権利行使者の指定・通知がないまま議決権が行使された場合において、当該議決権行使が民法の共有の規定に従ったものではないことを理由に、株主総会決議取消しの訴えを認容した例

最判平成27年2月19日 民集69巻1号25頁

原審:東京高判平成24年11月28日 金判1464号36頁

原々審:横浜地裁川崎支判平成24年6月22日 金判1464号37頁



第1 判決の概要

本判決は、XがY社に対し会社法106条本文の規定に基づく指定・通知を欠いたまま行われたことなどから、決議方法の法令違反があるとして、株主総会決議の取消しを求めた事案である。

本件では、会社法106条本文の規定に基づく指定・通知を欠いたままされた議決権行使が、同条但し書のY社の同意により適法なものとなるか否かが争点となったところ、本判決は、民法の共有に従った議決権行使がなされておらず、Y社が同意しても適法となるものではないとして、Xの請求を認めた。

(参照条文)

会社法106条

株式が2以上の者の共有に属するときは、共有者は、当該株式についての権利を行使する者1人を定め、株式会社に対し、その者の氏名又は名称を通知しなければ、当該株式についての権利を行使することができない。ただし、株式会社が当該権利を行使することに同意した場合は、この限りでない。


第2 事案の概要

Y社は、青果物の販売を業とする発行済株式3000株の特例有限会社である。

Xは、Y社の株式を2000株保有していたAの妹であり、A死亡後、同じくAの妹であるBとともに、上記2000株の株式を持分2分の1ずつ準共有することとなった(本件共有株式)。

その後、Y社は、X宛てに発せられた臨時株主総会招集通知を送付したが、Xは、臨時株主総会には都合により出席できない旨、及び臨時株主総会を開催しても無効である旨伝えた。

Y社は、上記招集通知に記載のとおり、臨時株主総会を開催し、①Cを取締役に選任する旨、②Cを代表取締役に選任する旨、③定款を変更して、本店を移転する旨の決議(本件決議)を行った。なお、本件決議では、B作成の委任状に基づき、本件共有株式の議決権が行使されている。
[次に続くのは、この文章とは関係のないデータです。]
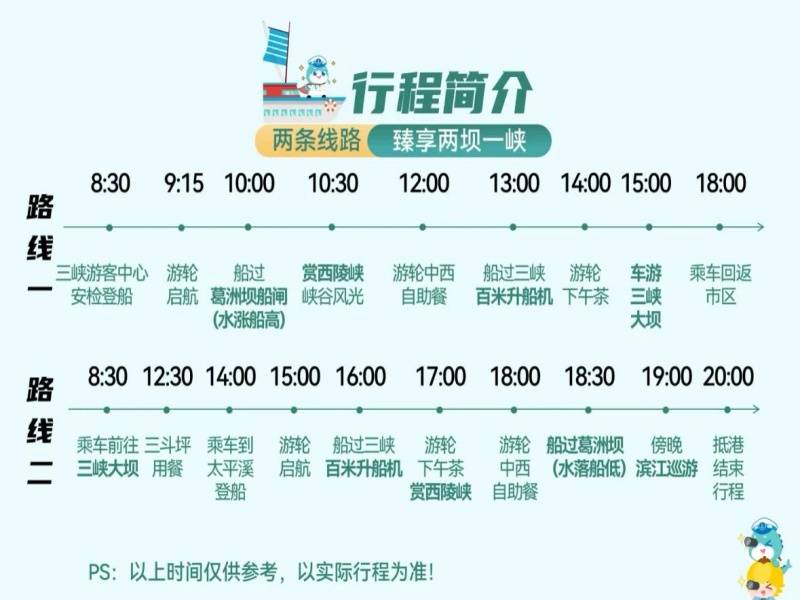 两坝一峡臻享全域游线路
これを受けて、Xは、Y社に対し、本件共有株式について会社法106条本文の規定に基づく権利行使者の指定・通知を欠いたまま議決権が行使されているなどとして、決議方法の法令違反があると主張し、本件決議の取消しを求めて提訴した。

原々審は、Y社が本件共有株式についてBが議決権を行使することに同意していることを認定し、会社法106条但し書により、議決権の行使自体に瑕疵はないとして、Xの請求を棄却した。

原審は、会社法106条但し書の規定は、準共有状態にある株式の準共有者間において議決権の行使に関する協議が行われ、意思統一が図られている場合にのみ、権利行使者の指定・通知を欠いていても、会社の同意を要件として、権利行使を認めたものと解することが相当であると判示して、原判決を取消し、本件決議の取消しを認めた。

これを受けて、Y社が上告受理申立てを行った。



第3 判旨

1 会社法106条の意義

本判決は、会社法106条本文について、「共有に属する株式の権利の行使の方法について、民法の共有に関する規定に対する「特別の定め」(同法264条ただし書)を設けたものと解される」と判示し、他方会社法106条但し書については、「株式会社が当該同意をした場合には、共有に属する株式についての権利の行使の方法に関する特別の定めである同条本文の規定の適用が排除されることを定めたものと解される」と判示した。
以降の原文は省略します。